Nicht immer. Seit Jahrzehnten holen Tierschützer zwar Hunde von der Straße, um in ihren Heimatländern neue Besitzer für sie zu finden. Die Flut der nachwachsenden Hunde aber dämmt das nicht ein. Und mitunter wird aus der Hilfsbereitschaft der vor allem aus Deutschland kommenden Hundefreunde sogar ein Geschäft gemacht: Nicht selten werden den Besuchern auf südeuropäischen Märkten Welpen feilgeboten. Zeigt man sich interessiert, folgt oft der Spruch: „Wenn Sie ihn nicht kaufen, wird er eingeschläfert.“ Wer sagt da schon Nein?

Neben politischer Arbeit vor Ort setzt man heute deshalb vor allem auf eine Strategie: „neuter and release“, kastrieren und am angestammten Platz wieder aussetzen. „So bleiben die Territorien besetzt, es rücken keine neuen Hunde nach, und auf lange Sicht wird die Zahl der Hunde verringert“, sagt Monique Carrera vom Bluemoon Animal Center in Hurghada, Ägypten.

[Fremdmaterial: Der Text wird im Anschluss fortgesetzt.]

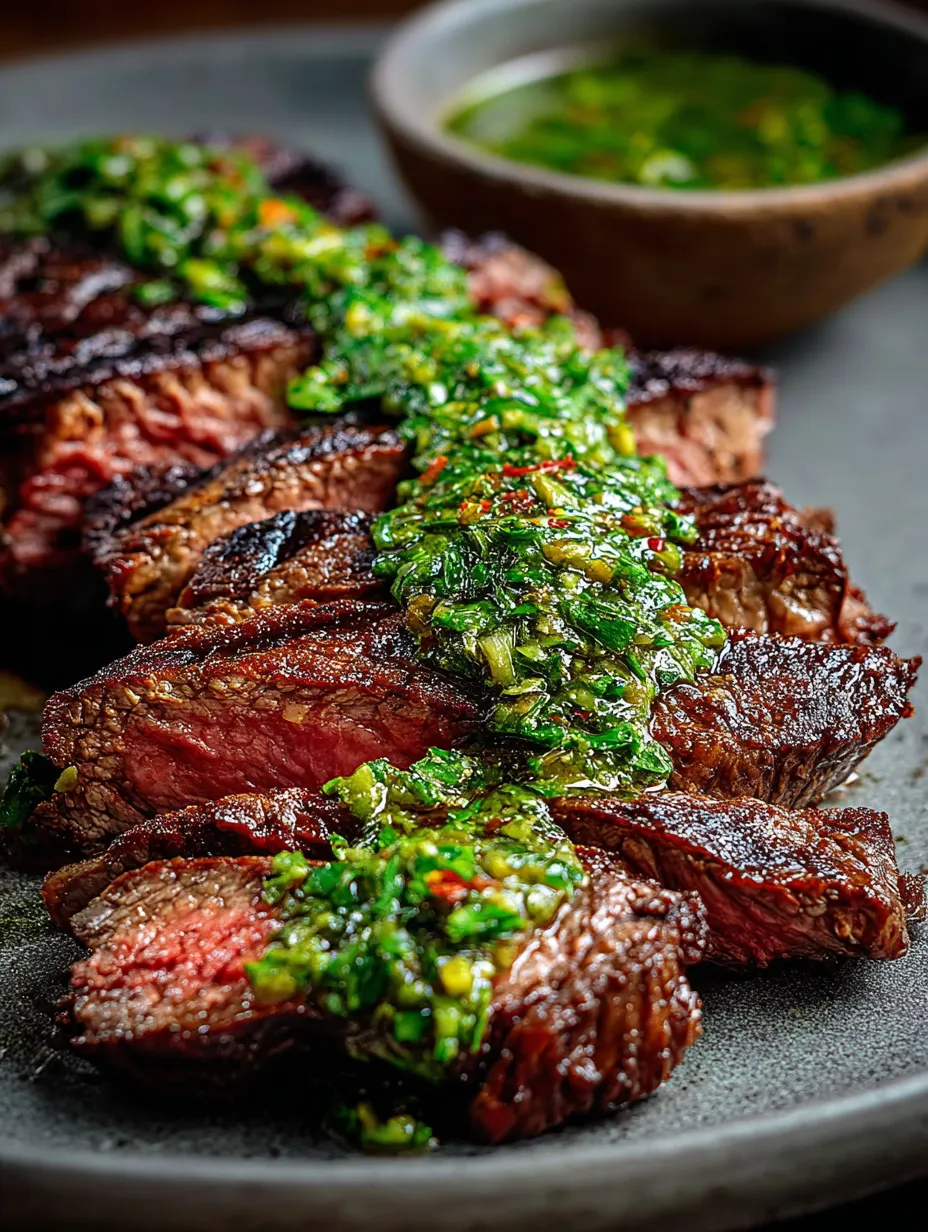 Ein Stück saftiges Fleisch mit grüner Soße darüber.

„Kastrieren ohne zu informieren macht aber keinen Sinn“, erklärt Petra Birk von dem in Pulheim eingetragenen Verein Niemandshunde, der sich vor allem um Streuner auf Sardinien kümmert. In vielen wirtschaftlich schwächeren Regionen der Welt herrscht ein anderer Umgang mit Tieren als in Nordeuropa. „Wenn Menschen selbst ums Überleben kämpfen, rückt der Tierschutz in den Hintergrund“, bestätigt Isabel Gorski-Grobe vom Verein Kreolischer Hund, der in der Karibik arbeitet. Auf Inseln erzielen Tierschützer mit der „Neuter and release“-Strategie allerdings Erfolge. Der Verein Arche Noah hat auf Kreta erreicht, dass die Hundepopulation stagniert. Auf der thailändischen Insel Phuket ist sie sogar rückläufig.

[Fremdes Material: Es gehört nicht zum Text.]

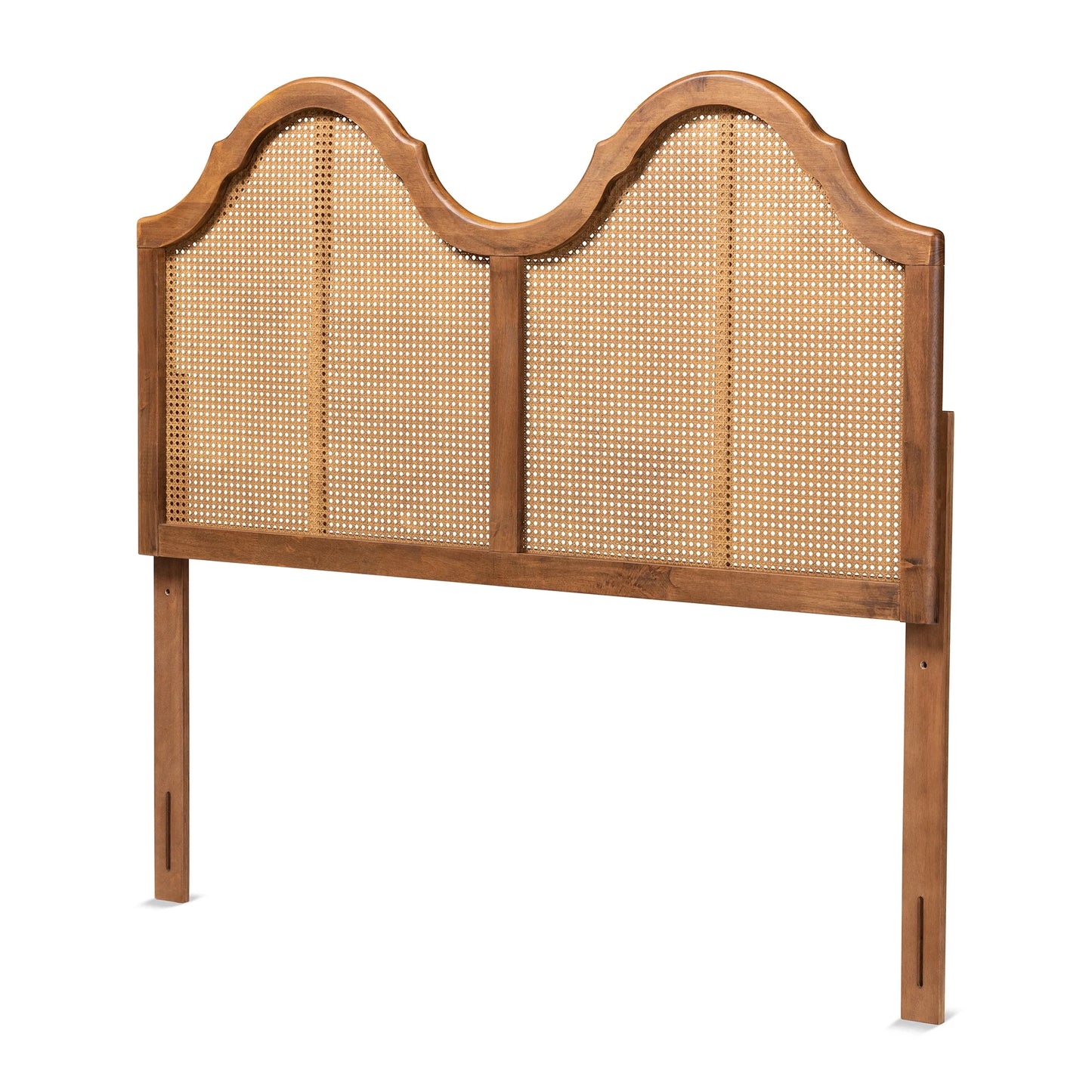 Hazel Classic Wood Back Support Rattan Headboard, Full, Ash Walnut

Wenn man als Tourist auf Straßenhunde trifft, gerät man in eine emotionale Zwickmühle: Helfen? Ja klar, aber wie? Füttern, sich kümmern, solange der Urlaub währt, gar adoptieren? Tierschützer warnen. Wer füttert, lockt andere Hunde an, erregt oft den Ärger der Einheimischen und riskiert Säuberungsaktionen, denen viele Hunde zum Opfer fallen. Wer adoptiert, reißt die Hunde aus ihrem Lebensraum. Das kann gut gehen, birgt aber auch Risiken. Die Unterstützung von Tierschutzorganisationen vor Ort ist gut, wichtiger ist, zum Umdenken anzuregen, ohne belehrend zu wirken.

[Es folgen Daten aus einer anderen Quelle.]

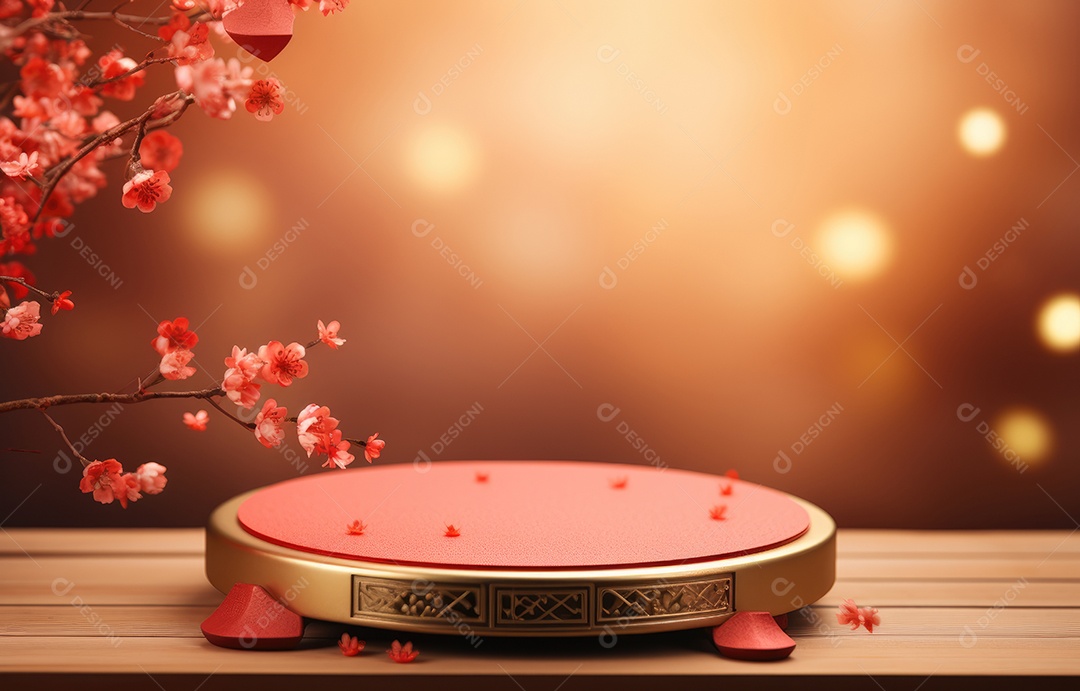 Pódio de cilindro para apresentação de exibição de produtos, ano novo chinês, festivais chineses, Festival do Meio Outono, cartaz, cartão de felicitações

Und immer mal wieder gibt es besondere Happy Ends: Gluta hat eine Familie gefunden. Weil er so glücklich mit ihr ist, hat Sorasart Wisetsin eine Aktion gestartet, an der mittlerweile viele Thailänder teilnehmen: Er badet Straßenhunde. Es ist eine symbolische Neugeburt: „Hinterher sind sie sauber, sehen besser aus, sind frei von Parasiten“, sagt Sorasart. „Das Wichigste aber ist: Sie haben gespürt, was Zuneigung ist.“

Praktische Tipps für den Tierschützer auf Reisen

  • Lokale Tierschutzorganisationen vorab heraussuchen. Sie helfen im Notfall weiter.
  • Keine Tiere einfach mitnehmen. Sie könnten sich strafbar machen. Hunde, die ein Halsband tragen, haben oft einen Besitzer. Außerdem: Straßentiere sind auf Hotelgeländen meist unerwünscht, wer Tiere mitbringt oder anfüttert, riskiert ihr Leben.
  • Schauen Sie nicht weg, wenn ein Tier Hilfe braucht: Notieren Sie Fundort und Zustand und verständigen Sie einen Tierschutzverein. Übernehmen Sie die Kosten für die Behandlung und Unterbringung.
  • Füttern Sie keine Straßenhunde. Fütterungen ziehen eine erhöhte Geburtenrate und den Kampf um angestammte Futterplätze nach sich.
  • Geben Sie dem Hotelmanager oder Resort unbedingt positives Feedback, wenn auf Tierschutz geachtet wird. Vorsicht: Sensibles Auftreten ist gefragt, damit nach der Saison nicht alle Tiere der Hotelumgebung verschwinden.
  • Sollten Sie sich in ein Tier verlieben, stellen sie die Unterbringung sicher und nehmen Sie Kontakt zu einer Hilfsorganisation auf. Wichtig: Einen Hund im Urlaub zu adoptieren ist ein langwieriger und oft schwieriger Prozess.
  • Wer helfen will, kann sich als Flugpate zur Verfügung stellen. Sie begleiten ein Tier nach Deutschland bis in die Hände einer Tierschutzorganisation. Doch Achtung: Für die Zeit des Flugs gilt der Flugpate als Besitzer, er haftet für alle Eventualitäten.
  • Zeigen sie soziale und finanzielle Mitverantwortung und unterstützen Sie Vereine, die nachhaltig vor Ort tätig sind. Geben Sie die Erfahrungen und Beobachtungen im Urlaubsland weiter. Teilen Sie sie in den sozialen Netzwerken und mit Freunden. Mitwissen schafft Öffentlichkeit, und Öffentlichkeit macht Politik!